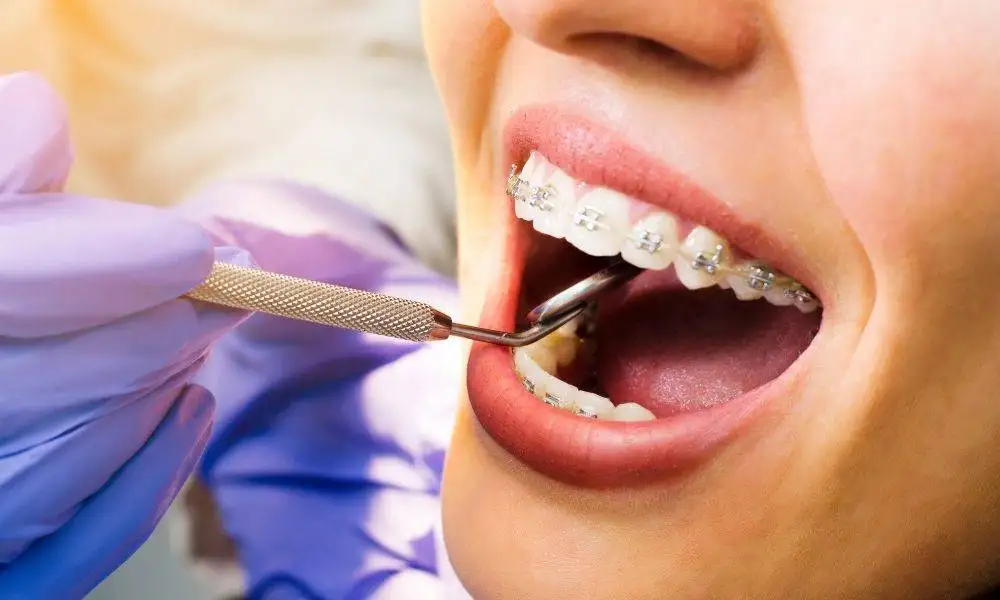 What Should You Do About Your Broken Bracket On Your Braces?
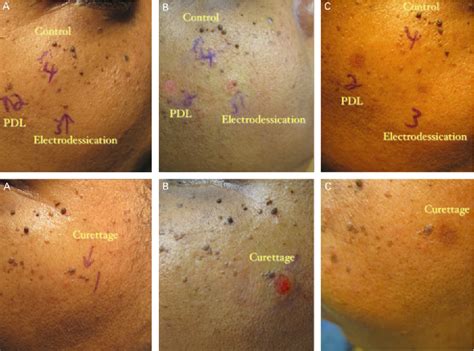 Figure 1 From Treatment Of Dermatosis Papulosa Nigra In 10 Patients A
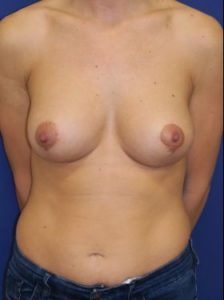 Breast lift with implants patient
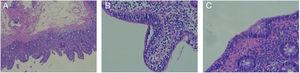 A) Aumento ×5 de corte duodenal mostrando atrofia vellositaria compatible con Marsh 3a. B) Aumento ×20 de corte duodenal mostrando linfocitosis intraepitelial. C) Aumento ×30 de corte de colon mostrando linfocitosis intraepitelial.
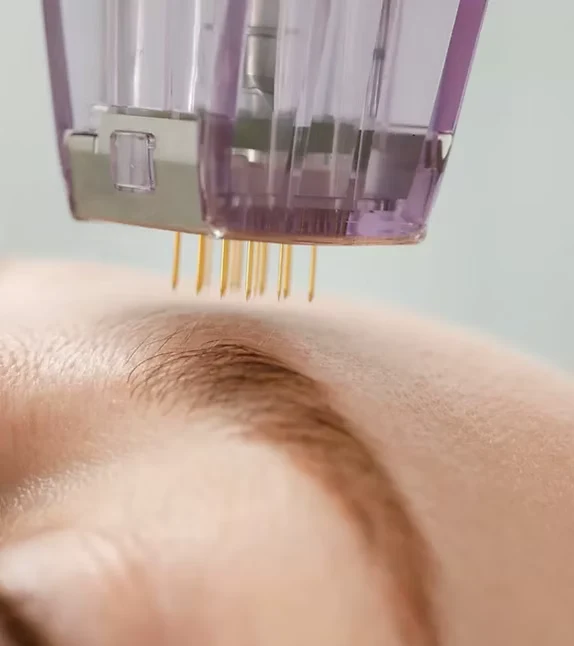 Morpheus8 skin tightening treatment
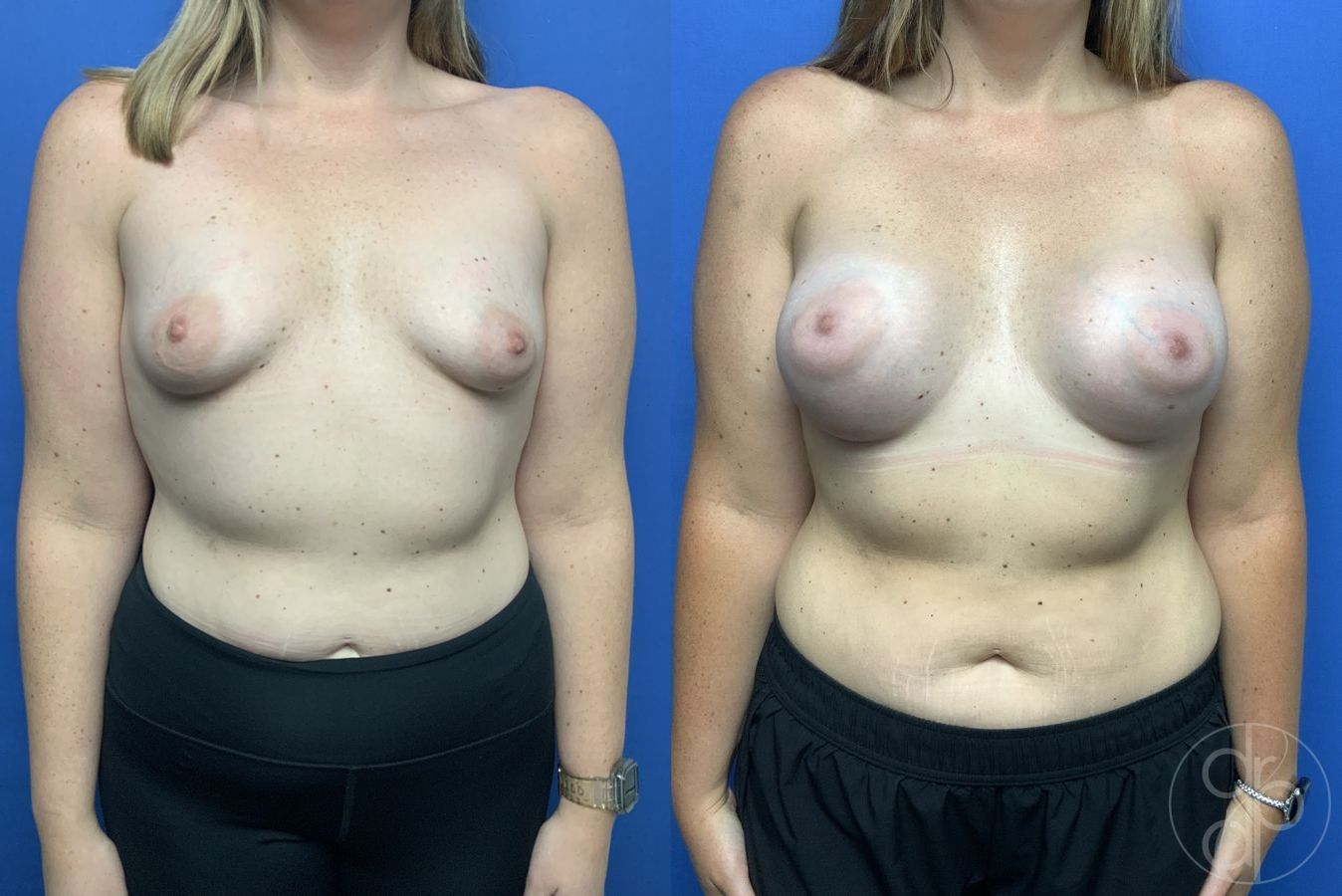 Before and after Tubular Breast Surgery case 29970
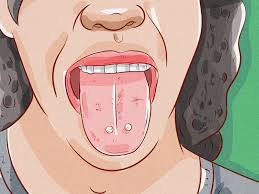 How to clean tongue piercing. How To Brush Your Teeth With A Tongue Piercing 14 Steps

Exercise goal:
A verbatim transcript of the material above, with images dropped, is the expected output.

Solution to the exercise:
 What Should You Do About Your Broken Bracket On Your Braces?
 Figure 1 From Treatment Of Dermatosis Papulosa Nigra In 10 Patients A
 Breast lift with implants patient
 A) Aumento ×5 de corte duodenal mostrando atrofia vellositaria compatible con Marsh 3a. B) Aumento ×20 de corte duodenal mostrando linfocitosis intraepitelial. C) Aumento ×30 de corte de colon mostrando linfocitosis intraepitelial.
 Morpheus8 skin tightening treatment
 Before and after Tubular Breast Surgery case 29970
 How to clean tongue piercing. How To Brush Your Teeth With A Tongue Piercing 14 Steps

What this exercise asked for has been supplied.